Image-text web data
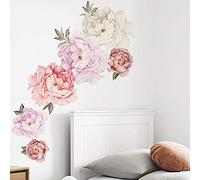 Calcomanías de pared de flores de peonía de acuarela para sala de estar, delicadas flores blancas y rosas, póster de pared de vinilo para dormitorio y habitación de niñas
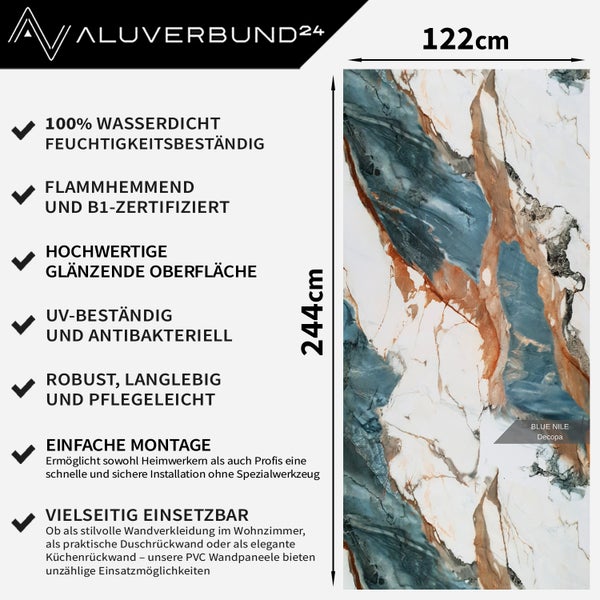 Aluverbund24 Logo. Wandpaneel mit Marmoroptik, 122 x 244 cm, wasserdicht, feuchtigkeitsbeständig, schwer entflammbar, B1-zertifiziert, UV-beständig und antibakteriell.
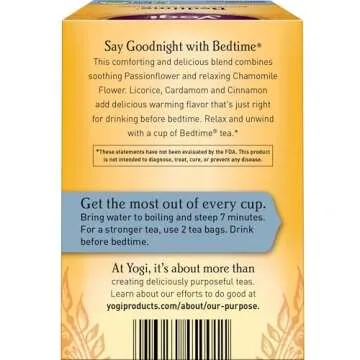Yogi Tea Bedtime Tea - 16 Tea Bags per Pack (4 Packs) - Chamomile & Passionflower Herbal Tea Blend -...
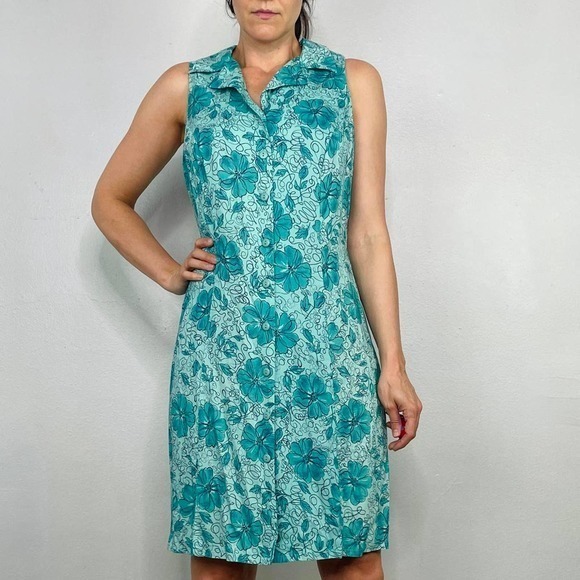 Vintage‎ 90s teal midi dress - Picture 1 of 4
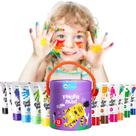 Conjunto de pintura a dedo Jar Melo Safe para crianças pequenas, 12 cores, 60 ml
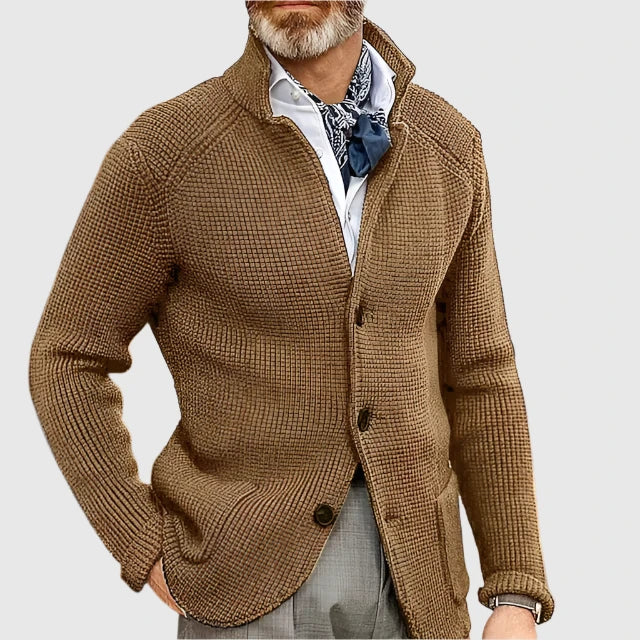 Ovidiu – Cardigan waffle cu guler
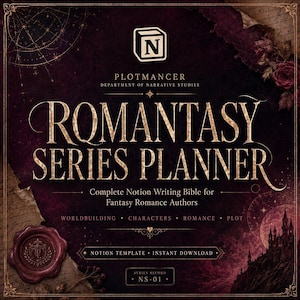 Romantasy Template, Notion Series Planner With Character Wiki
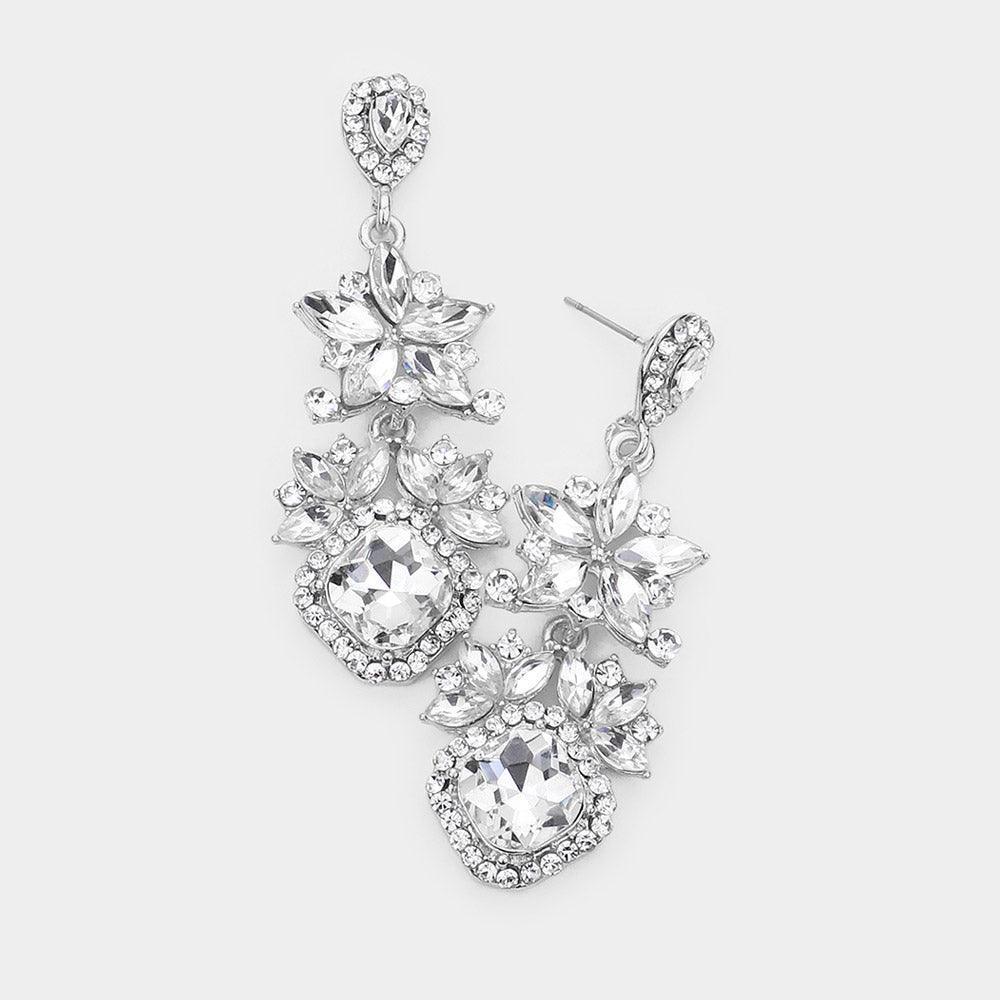 Floral Crystal Rhinestone Evening Drop Earrings - Jewelry Store by Erik Rayo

▶ **Task to complete**
Repeat the records above word for word, keeping no pictures in the copy.

▶ **Solution to the problem**
 Calcomanías de pared de flores de peonía de acuarela para sala de estar, delicadas flores blancas y rosas, póster de pared de vinilo para dormitorio y habitación de niñas
 Aluverbund24 Logo. Wandpaneel mit Marmoroptik, 122 x 244 cm, wasserdicht, feuchtigkeitsbeständig, schwer entflammbar, B1-zertifiziert, UV-beständig und antibakteriell.
Yogi Tea Bedtime Tea - 16 Tea Bags per Pack (4 Packs) - Chamomile & Passionflower Herbal Tea Blend -...
 Vintage‎ 90s teal midi dress - Picture 1 of 4
 Conjunto de pintura a dedo Jar Melo Safe para crianças pequenas, 12 cores, 60 ml
 Ovidiu – Cardigan waffle cu guler
 Romantasy Template, Notion Series Planner With Character Wiki
 Floral Crystal Rhinestone Evening Drop Earrings - Jewelry Store by Erik Rayo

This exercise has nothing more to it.